Semantic technology isn’t about technology: It’s noble concern is to make the life and work of people easier. Yesterday, Marek Schmidt and Petr Knoth, both working on PhD project within Natural Language Processing (NLP) at Brno University, introduced their vision of how Information Extraction could be integrated into the KiWi-System.

First off: What is Information Extraction? In natural language processing, “information extraction (IE) is a type of information retrieval whose goal is to automatically extract structured information, i.e. categorized and contextually and semantically well-defined data from a certain domain, from unstructured machine-readable documents” (Wikipedia). Marek and Petr’s vision for using IE in KiWi is to support the user in the creation of semantic annotations.

Annotations and Ontology

The image above illustrates their vision: If a user, for instance, enters the text “Hello, I am the best expert in Java around the Sun” into the content editor, structured information is extracted, analyzed on the fly and returned as suggestions. Through the application of reasoning on existing annotations and on further information that is available on the system – e.g. relevant domain ontologies, but also information about the user himself – the system will be able to infer new statements: E.g. the system will be able to infer that Bill Rodgers has Java programming skills, even though this information has never been explicitly stated in the knowledge base.

Jana Herwig

Combining Closed and Open Data Classification Mechanisms in an Extended Thesaurus

Rolf SintIn the next session, Rolf Sint gave us insights into his approach to the combination of closed and open data classification mechanisms, which is informed by his findings in his master’s thesis.
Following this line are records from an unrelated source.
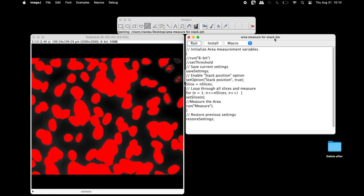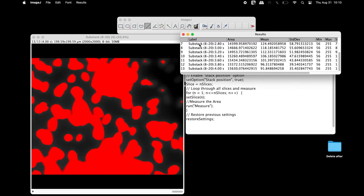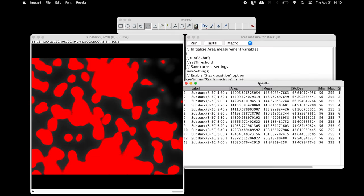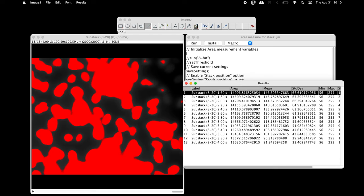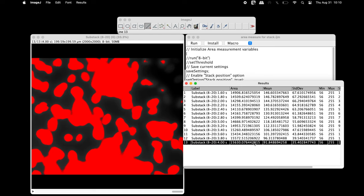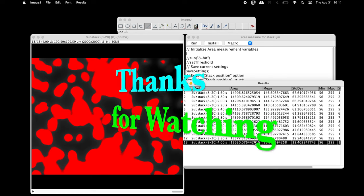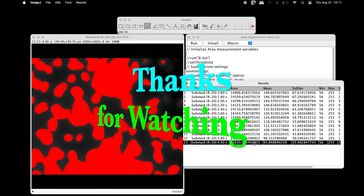Once the macro is ready, click Run. The area and mean intensity of all the 13 slices can be found in the results window. Thanks for watching.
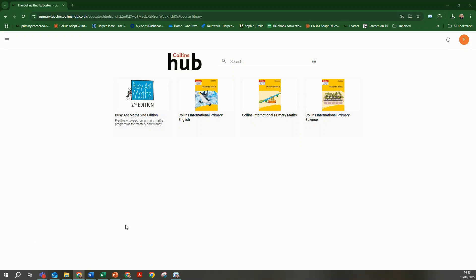This video will walk you through how to get started with Collins International Primary eBooks on the Collins Hub. For this video we will use the example of Collins International Primary English.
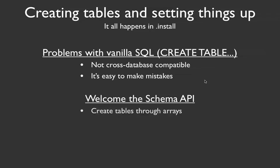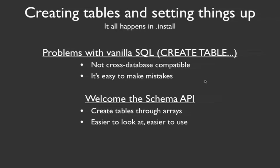So there's some benefits in doing this. For one, you just have to create an array to generate a table. Second, it's easier to look at other people's examples of how they're creating their tables. And it's easier to generate it because you're just dealing with an array. You're not dealing with funky SQL syntax.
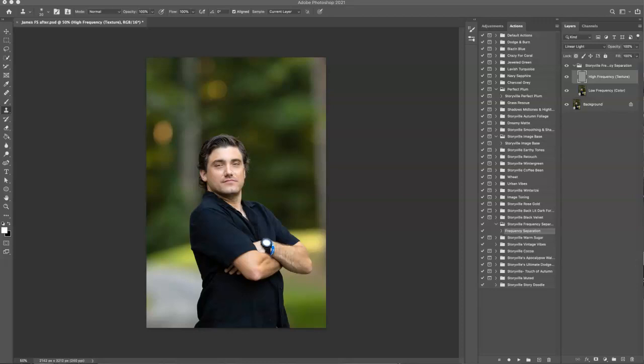Hi everyone, this is Heather Smith with Storyville Photography and today I want to talk to you about frequency separation. Now I know it sounds super fancy and intimidating, but I promise it is actually quite simple.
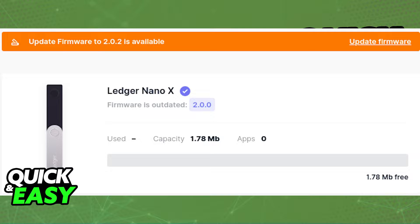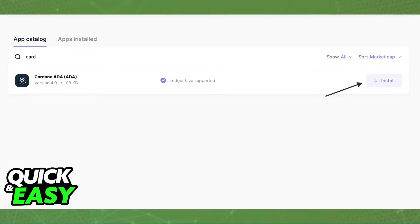First, some requirements before you start are to download and update Ledger Live to its latest version available and also update the firmware on your Ledger Nano X. After you ensure that you are running the latest version of Ledger Live and the firmware, make sure you download the Cardano app from Ledger Live by going through the app catalog and searching for Cardano.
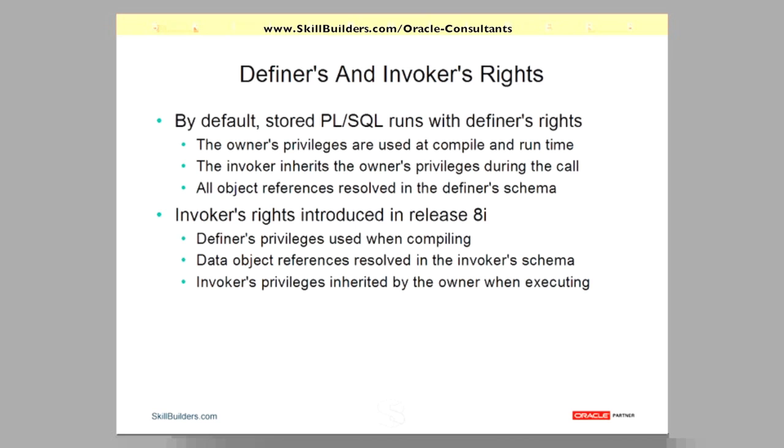Now, by default, stored PL/SQL runs with definer's rights. So what does that mean?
The probably most widely used retrieval method for digital content is full-text search; Google and Yahoo’s indexing methods, for instance, rely on full-text search. To be able to use this method, words must be contained within the content, leading to obvious problems with synonyms, ambiguities or the different lexical inventory of different languages. Advantages are that full-text search is easy to use, and that no maintenance is required as this responsibility rests with the content providers.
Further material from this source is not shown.